[Exercise brief]
Return the complete listing that follows, with each line reproduced exactly.

BEGIN Data shown

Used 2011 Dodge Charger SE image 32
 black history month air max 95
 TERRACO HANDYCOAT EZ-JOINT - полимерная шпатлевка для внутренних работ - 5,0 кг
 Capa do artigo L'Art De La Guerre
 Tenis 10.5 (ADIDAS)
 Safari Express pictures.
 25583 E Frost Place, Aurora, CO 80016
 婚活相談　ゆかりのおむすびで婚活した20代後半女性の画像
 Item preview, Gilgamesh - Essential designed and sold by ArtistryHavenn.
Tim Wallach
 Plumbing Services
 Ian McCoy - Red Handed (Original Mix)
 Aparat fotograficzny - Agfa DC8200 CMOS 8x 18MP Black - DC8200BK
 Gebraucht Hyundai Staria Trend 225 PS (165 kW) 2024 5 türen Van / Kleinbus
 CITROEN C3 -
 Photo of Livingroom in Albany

END Data shown

[Answer space]
Used 2011 Dodge Charger SE image 32
 black history month air max 95
 TERRACO HANDYCOAT EZ-JOINT - полимерная шпатлевка для внутренних работ - 5,0 кг
 Capa do artigo L'Art De La Guerre
 Tenis 10.5 (ADIDAS)
 Safari Express pictures.
 25583 E Frost Place, Aurora, CO 80016
 婚活相談　ゆかりのおむすびで婚活した20代後半女性の画像
 Item preview, Gilgamesh - Essential designed and sold by ArtistryHavenn.
Tim Wallach
 Plumbing Services
 Ian McCoy - Red Handed (Original Mix)
 Aparat fotograficzny - Agfa DC8200 CMOS 8x 18MP Black - DC8200BK
 Gebraucht Hyundai Staria Trend 225 PS (165 kW) 2024 5 türen Van / Kleinbus
 CITROEN C3 -
 Photo of Livingroom in Albany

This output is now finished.